The detailed error message goes like this:
File "train_net.py", line 204, in <module>
launch(
File "/opt/conda/lib/python3.8/site-packages/detectron2/engine/launch.py", line 82, in launch
main_func(*args)
File "train_net.py", line 198, in main
return trainer.train()
File "/opt/conda/lib/python3.8/site-packages/detectron2/engine/defaults.py", line 484, in train
super().train(self.start_iter, self.max_iter)
File "/opt/conda/lib/python3.8/site-packages/detectron2/engine/train_loop.py", line 149, in train
self.run_step()
File "/opt/conda/lib/python3.8/site-packages/detectron2/engine/defaults.py", line 494, in run_step
self._trainer.run_step()
File "/opt/conda/lib/python3.8/site-packages/detectron2/engine/train_loop.py", line 294, in run_step
self.optimizer.step()
File "/opt/conda/lib/python3.8/site-packages/torch/optim/lr_scheduler.py", line 65, in wrapper
return wrapped(*args, **kwargs)
File "/opt/conda/lib/python3.8/site-packages/torch/optim/optimizer.py", line 88, in wrapper
return func(*args, **kwargs)
File "/opt/conda/lib/python3.8/site-packages/torch/autograd/grad_mode.py", line 28, in decorate_context
return func(*args, **kwargs)
File "/opt/conda/lib/python3.8/site-packages/torch/optim/sgd.py", line 136, in step
F.sgd(params_with_grad,
File "/opt/conda/lib/python3.8/site-packages/torch/optim/_functional.py", line 164, in sgd
d_p = d_p.add(param, alpha=weight_decay)
TypeError: add(): argument 'alpha' must be Number, not NoneType
Environment Details:
sys.platform = linux
Python = 3.8.12
numpy = 1.21.2
detectron2 = 0.6
CUDA = 11.4
PyTorch = 1.10.0
torchvision = 0.11.0a0
fvcore = 0.1.5.post20211023
iopath = 0.1.9
cv2 = 4.5.4
Kindly request for assistance if you are aware of the solution.

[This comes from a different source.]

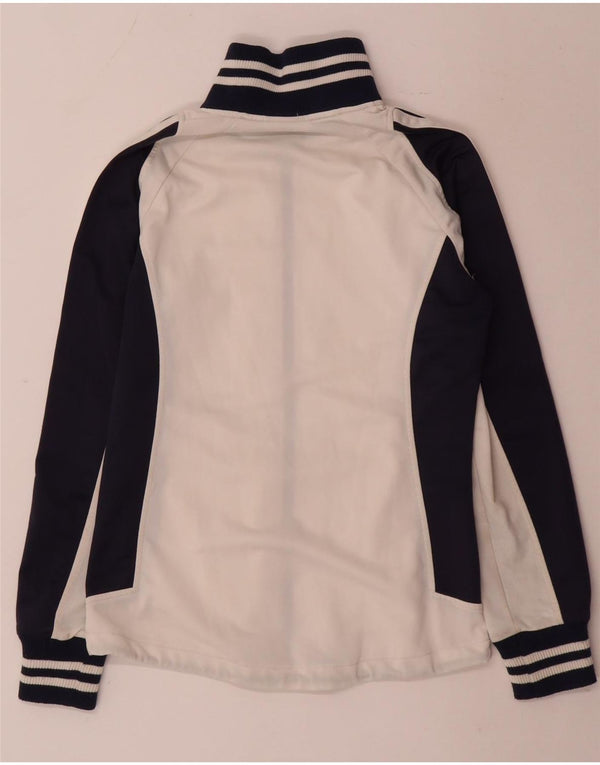 Asics Womens Tracksuit Top Jacket UK 12 Medium White Colourblock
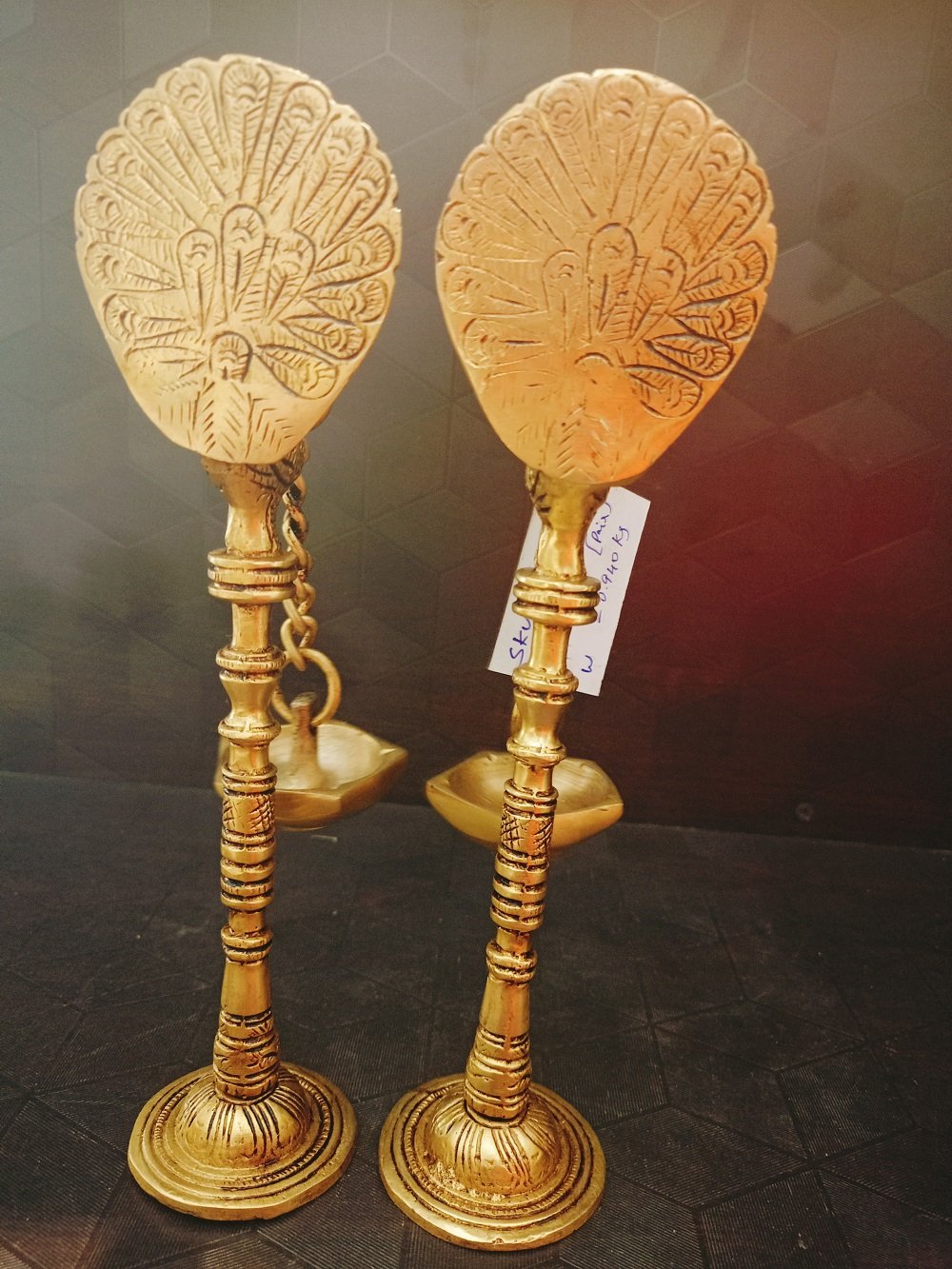 brass peacock diya pair Diya lamps BA113091 2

Hi,I have the same problem as you. Have you solved it?
Hi,I have the same problem as you. Have you solved it?
i have the same problem, have you solved it?

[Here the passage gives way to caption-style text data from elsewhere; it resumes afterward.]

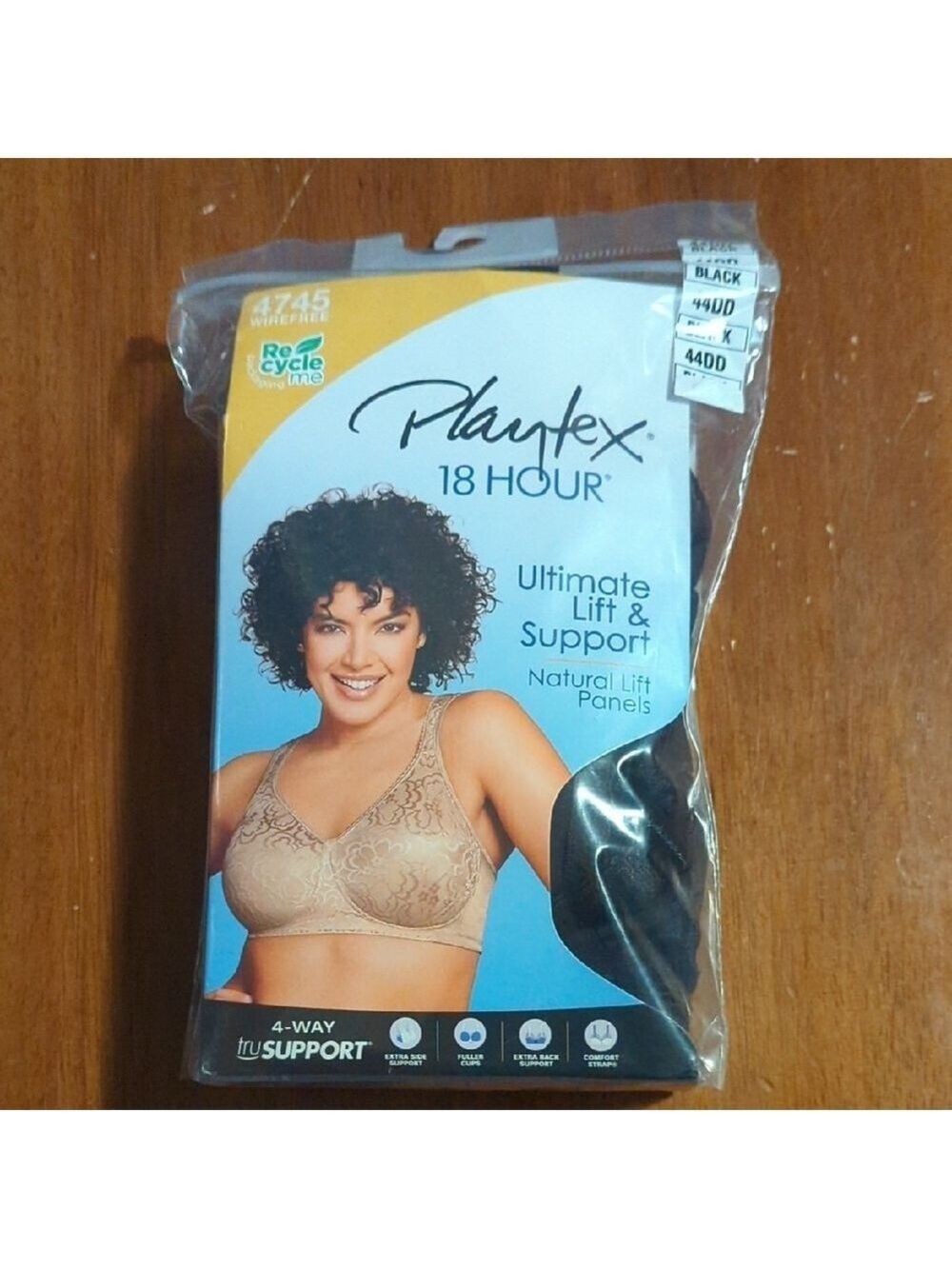 Playtex 18 Hour Bra Black 44DD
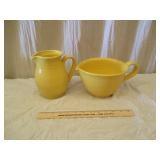 Yellow Ceramic Pitcher and Handled Bowl with W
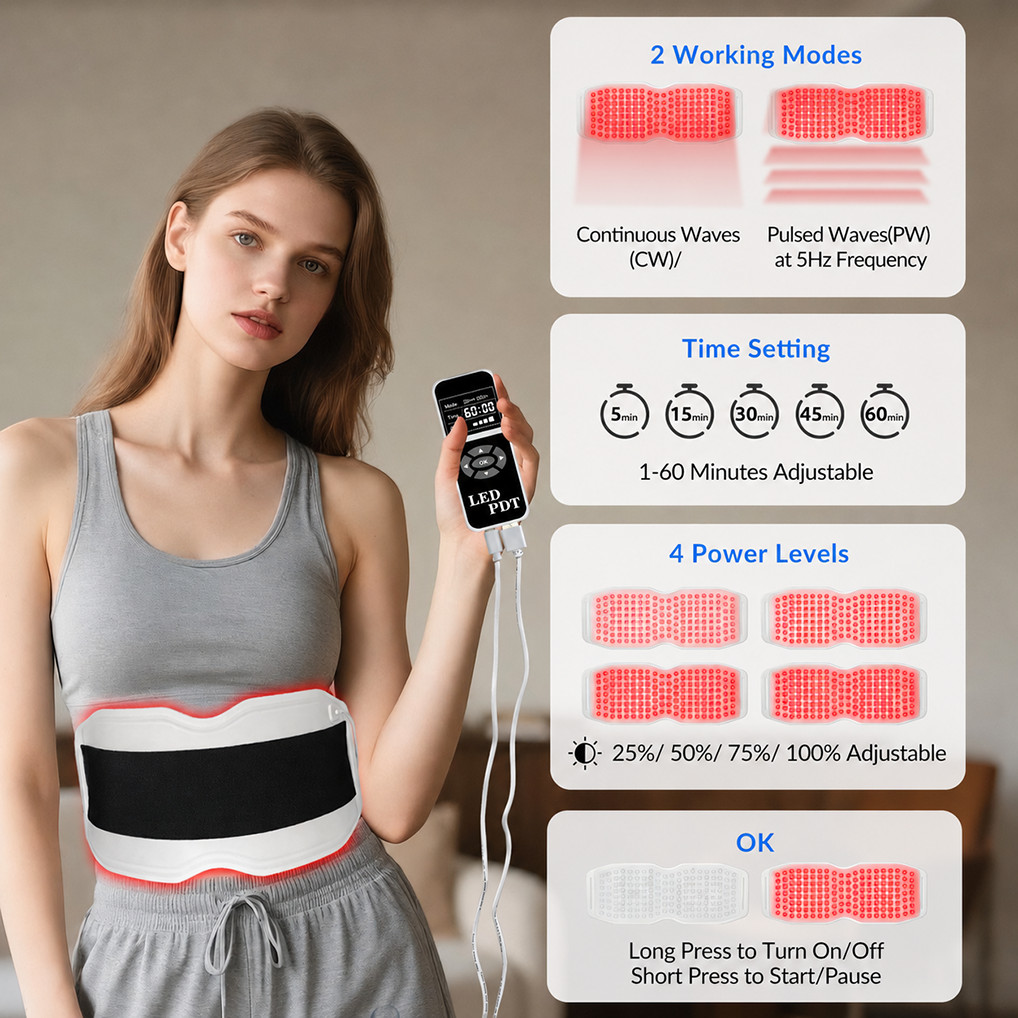 660nm 850nm 940nm Infrared Heating Pad Red Light Therapy Belt for Joints Pain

@Houseqin @MajorityRreport Hi. Yes I did solve the issue.
The weight decay is not passed to Pytorch due to which the above error occurs.
Add the following lines to your config YAML file to solve this issue:
cfg.SOLVER.WEIGHT_DECAY_BIAS = <desired_value>
This was causing the issue in my case. Also, if cfg.SOLVER.WEIGHT_DECAY
is missing in your config, do include that.
It would surely solve the issue.
@Houseqin @MajorityRreport Hi. Yes I did solve the issue.
The weight decay is not passed to Pytorch due to which the above error occurs. Add the following lines to your config YAML file to solve this issue:
cfg.SOLVER.WEIGHT_DECAY_BIAS = <desired_value>
This was causing the issue in my case. Also, if
cfg.SOLVER.WEIGHT_DECAY
is missing in your config, do include that.It would surely solve the issue.
Thank you very much!!
@MajorityRreport Glad to help. Let me know if it still throws the same error.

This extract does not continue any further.